Devlet Malı Yiyenlerin Cenaze Namazını Kıldırmadı
Hz.Peygamberimizin “ Beytül Mal’ dan yani devlet malından yiyenlerin, aşıranların cenaze namazını kılmadığı bilinmektedir. Dinimizde bu suça “ Gulul Suçu “ denmektedir.
Gulul (kamu malı talanı) suçunun cehenneme götüreceğini gösteren Kur’an ve sünnet dayanaklı bilgiler, Buhari başta olmak üzere (bk.Buhari, meğazi, Hayber bahsi) hemen tüm hadis ve siyer ( Peygamberimizin hayatını anlatan eser türü ) kaynaklarda yer alır. Fıkıh kaynaklarının çoğunda da bu bilgiler vardır. Bu bilgiler, Büyük Günahlar (el- Kebâir) konusunu işleyen eserlerde de yer almaktadır. (Örneğin, İbn Hacer el- Heytemi’nin ‘ez Zevacir’inde).

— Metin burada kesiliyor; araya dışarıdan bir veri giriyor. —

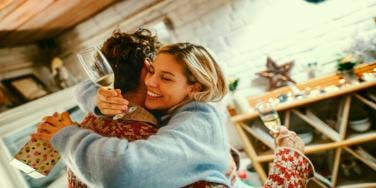 man and woman hugging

Ünlü Muhaddis-Fakih İbn Hemmam ( ölm. 211/ 826 ) o dev eseri el-Musannef’te bize bildiriyor ki, Hz. Peygamber, kamu malından iki dirhemlik bir miktarı çalan Eşça’lı sahabisinin cenaze namazını kılmamıştır. (İbn. Hemmam; el-Musannef,5/224 den nakil, Y.N.Öztürk, 229 ; Ebû Dâvûd, Cihâd 133; îbn Mâce, Cîlıad 34; Muvatta, Cihüd 25: Müs-ned, IV, 114, V, 192. ayrıca bak. El –Camiu li Ahkâmi’l Kur’an, İmam Kurtibi Tefsiri, Ali İmran 161. ayetin tefsiri,
Hz.Peygamber, kamu malı çalmış, kamu hakkında tasallutta bulunmuş olanların cenaze namazını kılmamıştır. (Zâdü’l- Mead, Beyrut 1981 baskısı, 1/515, 3/107–108) olayı, İbnü’l Kayyım’ın sözcükleriyle verelim de kaynak sıkıntısı (!) çekenlerin ufku açılsın.

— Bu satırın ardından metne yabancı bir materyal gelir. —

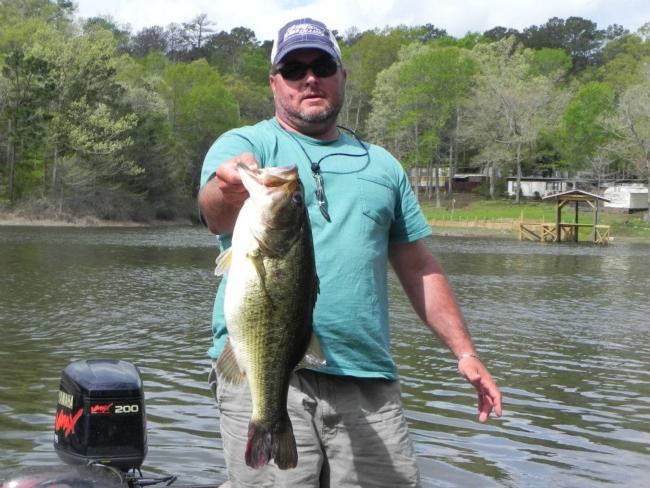 Troy Broussard proudly displays his other main passion in life - bass fishing.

“Bir harp sonrasında Hz.Peygamber’e: ’Filanca, falanca şehit oldu‘ diye tekmil verdiler. O, bunların birisi için şöyle dedi: ‘Hayır! İşte o dediğiniz kişi şehit olmamıştır. Ben onu cehennem içinde görüyorum. Sebebi de kamu malından (Beytü’l mal’dan devlet malından) çaldığı bir giysidir. Hz. Peygamber bunun ardından Hattab oğlu Ömer’i çağırarak şu talimatı verdi: ‘Git, ey Hattab oğlu, git de insanlara şunu duyur: Cennete yalnız ve yalnız müminler girecektir.” (Ayrıca bk. Müslim, İman; İbn. Hanbel, Müsned, 1/30, 47)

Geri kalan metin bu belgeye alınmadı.